Exercise details:
Everything in the data below except the pictures must be repeated word for word.

Supplied information:
----
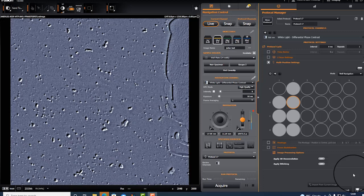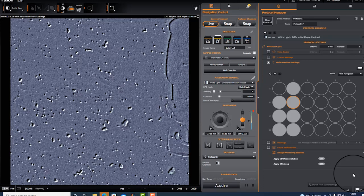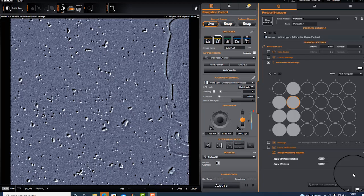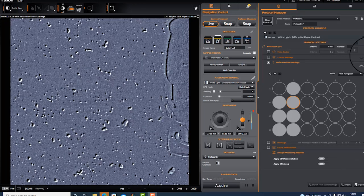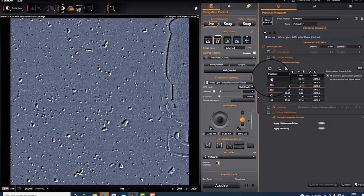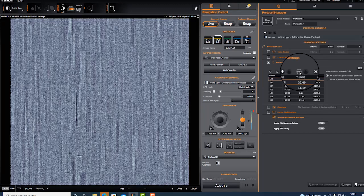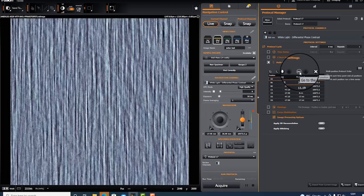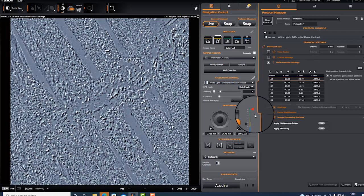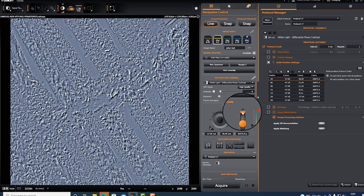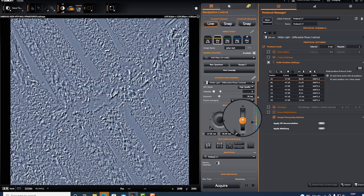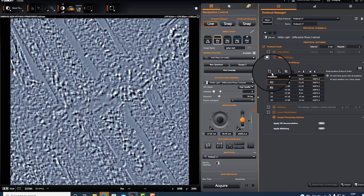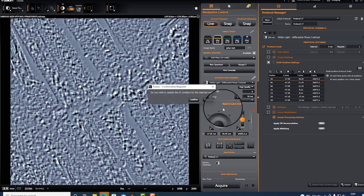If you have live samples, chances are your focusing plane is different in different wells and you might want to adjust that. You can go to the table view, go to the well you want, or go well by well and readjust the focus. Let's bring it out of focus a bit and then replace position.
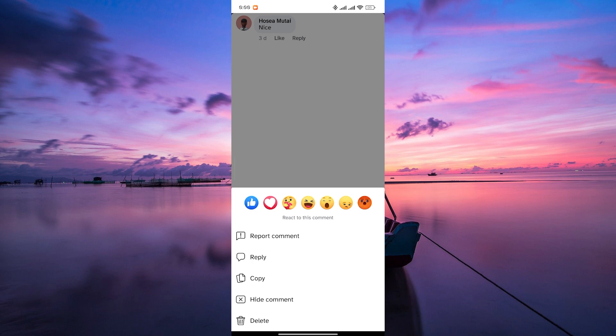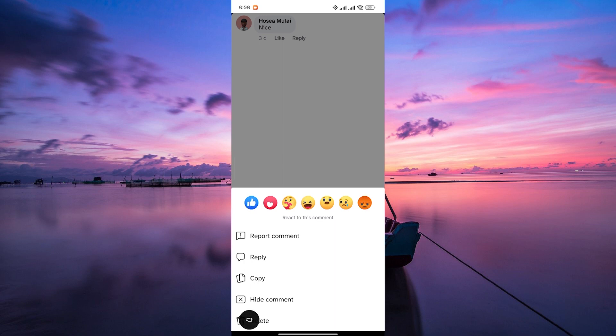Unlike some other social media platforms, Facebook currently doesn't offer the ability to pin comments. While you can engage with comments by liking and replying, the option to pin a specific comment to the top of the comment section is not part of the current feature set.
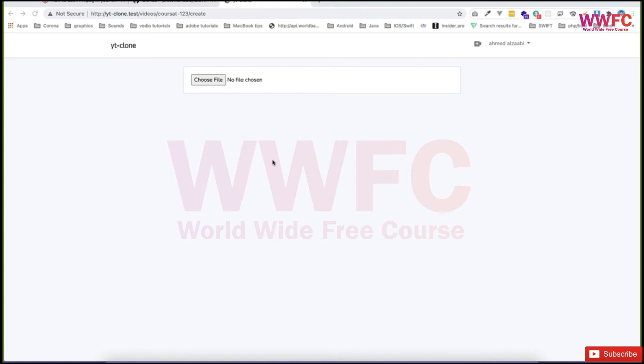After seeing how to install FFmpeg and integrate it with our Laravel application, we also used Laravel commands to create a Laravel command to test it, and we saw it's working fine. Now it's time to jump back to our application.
----
Response to the task:
If you have live samples, chances are your focusing plane is different in different wells and you might want to adjust that. You can go to the table view, go to the well you want, or go well by well and readjust the focus. Let's bring it out of focus a bit and then replace position.
Unlike some other social media platforms, Facebook currently doesn't offer the ability to pin comments. While you can engage with comments by liking and replying, the option to pin a specific comment to the top of the comment section is not part of the current feature set.
After seeing how to install FFmpeg and integrate it with our Laravel application, we also used Laravel commands to create a Laravel command to test it, and we saw it's working fine. Now it's time to jump back to our application.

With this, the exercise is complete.